The temptation is to use a provider's built-in grounding feature: Anthropic Citations API, OpenAI's new search-grounded responses, Google's built-in retrieval. Each is excellent within its provider.

But when you switch providers (cost, capability, outage), the grounding layer disappears with the provider. Your users see citations on Monday and none on Tuesday because you failed over to a different model. That's a trust collapse.

A provider-agnostic grounding layer (like SourceScore VERITAS, or a self-built RAG pipeline against a shared knowledge store) survives provider switches. The citations on Monday and Tuesday are identical — same claim IDs, same signatures, same canonical URLs — regardless of which LLM produced the raw response. Users don't see your infrastructure churn.

Provider-locked grounding still has its place

Anthropic Citations API and OpenAI's search-grounded responses excel at user-uploaded-doc citations within a single provider. The clean pattern: use both.

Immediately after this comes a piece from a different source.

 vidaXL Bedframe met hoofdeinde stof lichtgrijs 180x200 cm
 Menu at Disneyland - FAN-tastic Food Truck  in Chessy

  • User-supplied document RAG → use the provider's native citation API
  • Shared knowledge base + cross-provider facts (model release dates, paper authorship, organizational facts) → use a portable grounding layer like VERITAS

See VERITAS vs Anthropic Citations API for the full head-to-head.

Getting started

  1. Pick an adapter library that fits your stack (Vercel AI SDK for TS, DSPy or LiteLLM for Python).
  2. Wrap your LLM calls behind the adapter. No business logic should hit provider SDKs directly.
  3. Add a router with at minimum 2 providers + automatic failover.
  4. Add a grounding layer that doesn't care which provider produced the response. Run the same 5-min quickstart regardless of backend.
  5. Test the failover by killing each provider in turn and confirming citations still render.